I do not know if the logs are purged from sensitive data that would prevent 
emailing them. looking for "checksum mismatch", in the logs, there are many of 
them (138).

How can I fix this checksum issue?


Regards,


S. Barthes

Le 21/07/2025 à 09:59, Michel Jouvin a écrit :
Stéphane,

On ceph-02, I am not sure why the ceph command is not installed as on the other 
nodes, if you installed it the same way. One way to get access to the ceph 
command on this server should be to execute:

cephadm shell

This will start a container where you have the ceph environment installed and 
configured for your cluster.

The situation is not as bad as I thought reading your first message.

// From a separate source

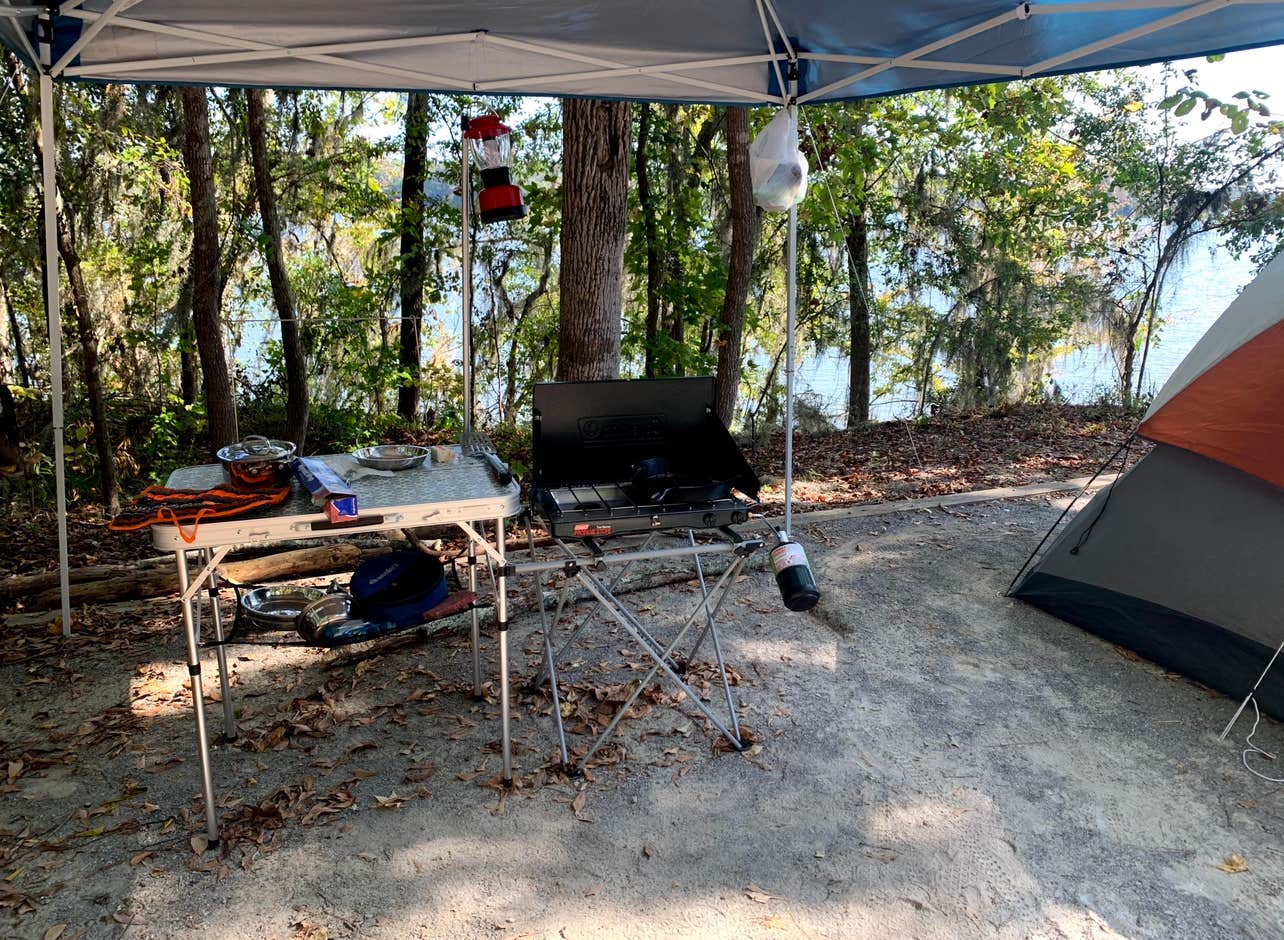 Dana B.'s photo at COE Alabama River Lakes Chilatchee Creek Campground near Monroeville, AL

You have 
the mon quorum so at least ceph command should be usable. The first thing to do 
is probably to log on your ceph-01 node and try to understand why the mon 
daemon is crashing. You may want to run on this node:

cephadm ls  ---> Look for the exact daemon name corresponding to the mon

cephadm logs --daemon $daemon_name

Apart from this, it is strange that ceph-03 report a RADOS error with 'ceph log 
last...', this probably hides another issue. Could you tell what the same 
command says on ceph-02 (when run in cephadm shell)?

Michel

Le 21/07/2025 à 09:44, Stéphane Barthes a écrit :

Michel,


I ran "ceph log last debug cephadm" on my 3 nodes, and "mileage varies"

ceph-01 :

some errors, and it ends with

2025-07-20T03:24:18.887889+0000 mgr.srvr-ceph-03.dhzbpe (mgr.134360) 1368 : 
cephadm [INF] Deploying daemon mon.srvr-ceph-03 on srvr-ceph-03

when I had to remove the mon daemon and redeploy on ceph-03.

ceph-02 :

root@srvr-ceph-02:~# ceph log last debug cephadm
Command 'ceph' not found, but can be installed with:
snap install microceph    # version 18.2.4+snapc9f2b08f92, or
apt  install ceph-common  # version 17.2.7-0ubuntu0.22.04.2
See 'snap info microceph' for additional versions.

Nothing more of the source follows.